Figure 6 shows the $C_d$–10-m wind speed relationship under different R/RMW ranges. Generally, when considering all the data or the data with R/RMW > 1.05, a clear feature of “roll-off” at about 35 m s⁻¹ can be obtained. Even, if considering the whole range of R/RMW < 1.05, such a feature may still roughly exist. However, at the ranges of R/RMW < 0.95, R/RMW < 0.85, or R/RMW < 0.75, the roll feature becomes vague, indicating the TC dynamics within and near the RMW play a role in affecting the flux-profile relationship. On one hand, the drift of dropsondes with the tangential and radial winds may play a role. Real dropsondes are advected with the horizontal wind, and, in the region near the RMW, that advection can move the sondes 10–20 km downwind as the sondes descend to the surface, violating the flux-profile assumptions. Richter et al. [28] concluded that the effects of a dropsonde drift were negligible, and the features of $C_d–U_{10}$ relationship with and without drift effects were similar to each other. Nevertheless, some differences are still seen in the $C_d–U_{10}$ with and without drift effects, especially, the $C_d–U_{10}$ at 0.78 < R/RMW ≤ 1.04 is significantly different: with/without drift effect, $C_d$ is about 0.0018/0.0012, and $U_{10}$ is about 65/52 m s⁻¹ (Figures 10 and 11 in Richter et al. [28]). Therefore, the drift of dropsondes within and near RMW indeed plays a role in the $C_d–U_{10}$ relationship. On the other hand, the assumption of the constant flux layer may not be valid anymore within and near the RMW, as pointed by Richter et al. [28], even though a logarithmic layer is persistent throughout all the different ranges of R/RMW. The violation of the constant flux layer may be caused by the large radial gradient of winds and the transport of the momentum flux (e.g., Kepert [37]; Zhang et al., [38]; Bryan et al., [39]).

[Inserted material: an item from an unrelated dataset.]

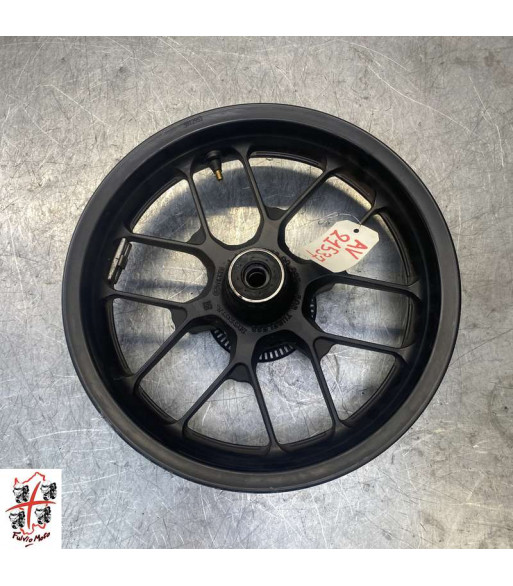 Jante Avant HONDA FORZA 300 - 2018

In addition, in Figure 6b, the $C_d$ of R < 0.75RMW (i.e., green square) deviates significantly from the $C_d$ of R < 0.85RMW and R < 0.95RMW (i.e., brown and pink squares), while the deviation between R < 0.85RMW (brown squares) and R < 0.95RMW (pink squares) is much smaller, especially when 10 m winds exceed 40 m s⁻¹. As discussed previously, when it comes to about < 0.75RMW, the logarithmic wind profile may be altered by the drift, the large radial gradients, and the advection of the momentum flux here.

4. Summary and Conclusions

Using dropsonde data and flux-profile method, in this study, we investigated the $C_d$–wind speed relationship within different R/RMW ranges, and also the variation of $C_d$ with R/RMW under the same wind speed bins. The main findings and conclusions are as follows:

(1)

From the range of R/RMW > 1.05 to that of R/RMW < 0.95, a systematic decrease of 5~25% in friction velocity $u_{*}$ is found for 7 out of the 9 MBL mean wind speed groups.

(2)

A clear feature of “roll-off” at about 35 m s⁻¹ can be obtained for the ranges of either R/RMW > 1.05 or R/RMW < 1.05. However, in the ranges of R/RMW < 0.95, R/RMW < 0.85, and R/RMW < 0.75, the roll feature becomes vague, indicating the TC dynamics within and near the RMW play a role in affecting the flux-profile relationship.

(3)

When $U_{10}$ exceeds 40 m s⁻¹, $u_{*}$ of R < 0.75RMW is significantly larger than that of R < 0.85RMW. This phenomenon is not caused by the extreme values in the relatively small sample size, and it is speculated to link with the TC dynamics (e.g., the large radial gradients of winds and the drastic vertical variation of the bulk Richardson number).

At last, these results may be affected by the limited data quantity in this study, and future work will be carried out with more observations and simulations to further understand how the TC dynamics within and near the RMW affect the wind profiles in TCs.